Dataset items
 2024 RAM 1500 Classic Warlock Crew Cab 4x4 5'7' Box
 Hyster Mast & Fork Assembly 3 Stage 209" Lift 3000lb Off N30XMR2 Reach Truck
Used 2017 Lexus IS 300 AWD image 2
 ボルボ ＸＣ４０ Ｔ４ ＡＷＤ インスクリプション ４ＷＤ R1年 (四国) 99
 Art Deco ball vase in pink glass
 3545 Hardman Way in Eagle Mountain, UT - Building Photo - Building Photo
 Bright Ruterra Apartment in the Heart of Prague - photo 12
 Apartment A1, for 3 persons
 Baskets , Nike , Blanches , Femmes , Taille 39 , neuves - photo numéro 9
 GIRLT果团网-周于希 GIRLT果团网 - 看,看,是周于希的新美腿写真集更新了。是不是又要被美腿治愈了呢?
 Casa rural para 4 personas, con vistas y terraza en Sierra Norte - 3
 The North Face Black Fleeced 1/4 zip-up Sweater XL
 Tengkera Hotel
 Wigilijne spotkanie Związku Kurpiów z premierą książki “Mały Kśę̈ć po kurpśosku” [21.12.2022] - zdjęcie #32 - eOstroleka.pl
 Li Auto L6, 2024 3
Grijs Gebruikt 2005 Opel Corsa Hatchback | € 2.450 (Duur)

> Exercise directions: The line with "Tengkera Hotel" and every line after it up to the end of the entries: output those exactly, and only those.

> Result for this exercise:
 Tengkera Hotel
 Wigilijne spotkanie Związku Kurpiów z premierą książki “Mały Kśę̈ć po kurpśosku” [21.12.2022] - zdjęcie #32 - eOstroleka.pl
 Li Auto L6, 2024 3
Grijs Gebruikt 2005 Opel Corsa Hatchback | € 2.450 (Duur)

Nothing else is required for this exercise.